- TASK OBJECTIVE:
Retype exactly the lines that run from the start of the data to the line holding "G'day YouTube. Today", including both, and only those.

- RECORDS FOR PROCESSING:
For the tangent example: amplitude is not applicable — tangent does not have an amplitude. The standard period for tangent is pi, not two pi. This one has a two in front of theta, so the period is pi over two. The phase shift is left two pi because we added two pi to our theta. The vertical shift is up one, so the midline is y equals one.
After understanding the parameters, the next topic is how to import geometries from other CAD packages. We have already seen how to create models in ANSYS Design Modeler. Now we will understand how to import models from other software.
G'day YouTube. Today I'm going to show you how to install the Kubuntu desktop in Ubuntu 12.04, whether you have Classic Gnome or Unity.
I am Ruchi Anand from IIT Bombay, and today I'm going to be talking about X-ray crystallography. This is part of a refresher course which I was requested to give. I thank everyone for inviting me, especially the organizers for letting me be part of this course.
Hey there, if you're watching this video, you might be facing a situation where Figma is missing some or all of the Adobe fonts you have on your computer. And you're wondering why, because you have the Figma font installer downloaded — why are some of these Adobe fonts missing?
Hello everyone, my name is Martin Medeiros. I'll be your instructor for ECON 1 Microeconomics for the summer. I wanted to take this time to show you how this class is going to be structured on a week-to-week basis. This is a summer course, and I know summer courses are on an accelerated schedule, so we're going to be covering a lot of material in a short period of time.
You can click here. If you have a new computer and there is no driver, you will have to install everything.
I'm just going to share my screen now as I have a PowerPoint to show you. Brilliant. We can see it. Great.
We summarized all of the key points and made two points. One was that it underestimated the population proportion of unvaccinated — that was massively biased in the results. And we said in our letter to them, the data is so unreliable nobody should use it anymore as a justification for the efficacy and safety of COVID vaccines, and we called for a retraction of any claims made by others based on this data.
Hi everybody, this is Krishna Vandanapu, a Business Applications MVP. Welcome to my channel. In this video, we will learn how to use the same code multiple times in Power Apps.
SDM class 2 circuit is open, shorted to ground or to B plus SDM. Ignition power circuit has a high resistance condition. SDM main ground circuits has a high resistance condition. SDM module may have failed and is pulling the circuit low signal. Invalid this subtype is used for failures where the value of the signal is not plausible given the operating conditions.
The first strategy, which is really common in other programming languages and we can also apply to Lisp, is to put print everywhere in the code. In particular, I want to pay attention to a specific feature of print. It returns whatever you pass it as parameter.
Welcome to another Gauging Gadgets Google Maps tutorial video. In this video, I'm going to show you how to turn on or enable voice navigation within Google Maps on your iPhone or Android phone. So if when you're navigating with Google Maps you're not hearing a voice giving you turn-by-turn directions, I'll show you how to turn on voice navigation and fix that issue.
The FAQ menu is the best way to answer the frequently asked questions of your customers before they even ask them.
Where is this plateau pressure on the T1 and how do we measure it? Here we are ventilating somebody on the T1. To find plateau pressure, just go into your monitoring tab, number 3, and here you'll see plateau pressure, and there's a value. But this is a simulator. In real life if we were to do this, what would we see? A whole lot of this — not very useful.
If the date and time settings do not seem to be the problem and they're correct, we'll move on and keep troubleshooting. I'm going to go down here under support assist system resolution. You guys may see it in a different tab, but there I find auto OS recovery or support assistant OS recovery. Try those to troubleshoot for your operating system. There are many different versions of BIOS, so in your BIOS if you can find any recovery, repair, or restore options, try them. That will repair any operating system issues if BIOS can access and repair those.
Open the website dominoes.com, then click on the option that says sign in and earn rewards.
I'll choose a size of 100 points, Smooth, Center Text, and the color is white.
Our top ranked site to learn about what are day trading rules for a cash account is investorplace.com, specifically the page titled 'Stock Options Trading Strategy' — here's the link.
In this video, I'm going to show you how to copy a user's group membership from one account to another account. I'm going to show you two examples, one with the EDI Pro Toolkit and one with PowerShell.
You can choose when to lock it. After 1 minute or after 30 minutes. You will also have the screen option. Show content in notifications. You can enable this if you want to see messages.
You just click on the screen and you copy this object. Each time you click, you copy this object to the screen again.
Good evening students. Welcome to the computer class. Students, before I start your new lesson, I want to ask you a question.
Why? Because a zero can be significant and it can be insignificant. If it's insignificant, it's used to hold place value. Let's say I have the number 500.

- RESPONSE TO THIS TASK:
For the tangent example: amplitude is not applicable — tangent does not have an amplitude. The standard period for tangent is pi, not two pi. This one has a two in front of theta, so the period is pi over two. The phase shift is left two pi because we added two pi to our theta. The vertical shift is up one, so the midline is y equals one.
After understanding the parameters, the next topic is how to import geometries from other CAD packages. We have already seen how to create models in ANSYS Design Modeler. Now we will understand how to import models from other software.
G'day YouTube. Today I'm going to show you how to install the Kubuntu desktop in Ubuntu 12.04, whether you have Classic Gnome or Unity.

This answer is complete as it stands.